The DPR project was begun at Carnegie Mellon University, spearheaded by Seth Goldstein, an Associate Professor in the Computer Science Department. The project is the brainchild of Goldstein and Todd Mowry, Director of Intel Research Pittsburgh, who first discussed the idea at a conference in 2002. Mowry wanted to improve on two-dimensional videoconferencing, and Goldstein was interested in nanotechnology. They decided to merge their interests. They determined that, by taking advantage of advances in nanoscale assembly, they might create human replicas from ensembles of tiny computing devices that could sense, move, and change color and shape, enabling more realistic videoconferencing.

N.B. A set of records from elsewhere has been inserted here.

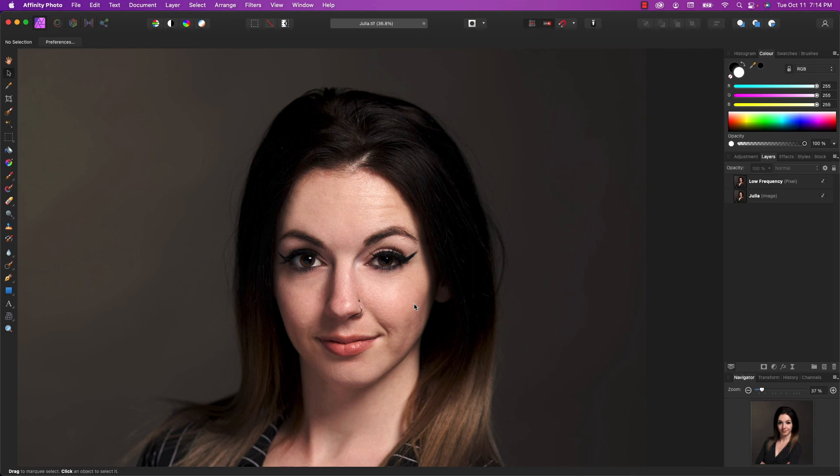Anyhow, I think that covers it for today. I hope you enjoyed this quick tutorial on skin retouching in Affinity Photo. Thanks so much for watching. I'm John Martins. Please subscribe and I'll see you next time on Apple A Day.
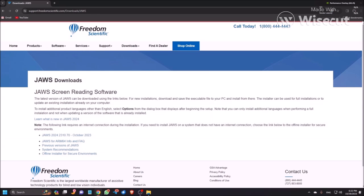If you have good internet connection, then you can download the online installer, and while you are installing JAWS it will use your internet and you should be connected.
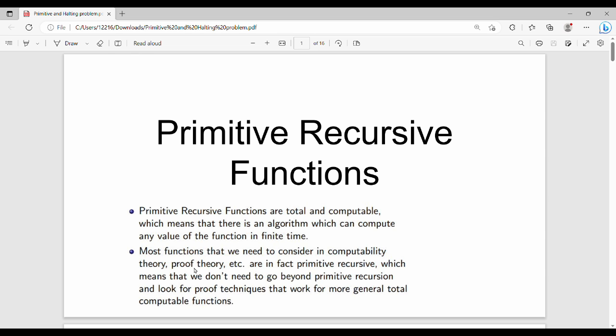Hi friends, welcome back to BECAUSE. In this video, we will talk about Computable Functions as Primitive Recursive Functions.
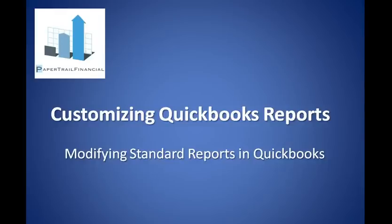Hi, this is Dave Myers with Papertrail Financial. Today, I have a brief basics tutorial regarding how to customize reports in QuickBooks.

The same meeting environment, with people and objects, could appear at each location, in real form or as replicas. A movement or interaction at any location would be reproduced at all of them. Every meeting could be face-to-face.
What began as a novel idea has evolved into an ambitious collaboration involving almost 30 researchers. Jason Campbell, a senior researcher at Intel Research Pittsburgh, is the Principal Investigator for the DPR project. Goldstein is leading the project for Carnegie Mellon, and Mowry provides additional leadership. The project is being funded by Intel, Carnegie Mellon University, the National Science Foundation, and the Defence Advanced Research Projects Agency (DARPA).
Creation of claytronics technology is the bold objective of collaborative research between Carnegie Mellon and Intel, which combines nano-robotics and large-scale computing to create synthetic reality, a revolutionary, 3-dimensional display of information. The vision behind this research is to provide users with tangible forms of electronic information that express the appearance and actions of original sources.
The objects created from programmable matter will be scalable to life size or larger. They will be likewise reducible in scale. Such objects will be capable of continuous, 3-D motion. Representations in programmable matter will offer to the end-user an experience that is indistinguishable from reality. Claytronic representations will seem so real that users will experience the impression that they are dealing with the original object.
Claytronic emulation of the function, behaviour and appearance of individuals, organisms and objects will fully mimic reality - and fulfill a well-known criterion for artificial intelligence formulated by the visionary mathematician and computer science pioneer Alan Turing.
In 1950, in a ground-breaking article, Turing asked "Can Machines Think?" and offered a criterion to "refute anyone who doubts that a computer can really think." His proposal was that "if an observer cannot distinguish the responses of a programmed machine from those of a human being, the machine is said to have passed the Turing Test."
Although the Turing Test remains a robust source of discussion among those who devote their lives to artificial intelligence, philosophy and cognitive science, claytronics conceives of a technology that will surpass the Turing Test for the appearance of thought in the behaviours of a machine.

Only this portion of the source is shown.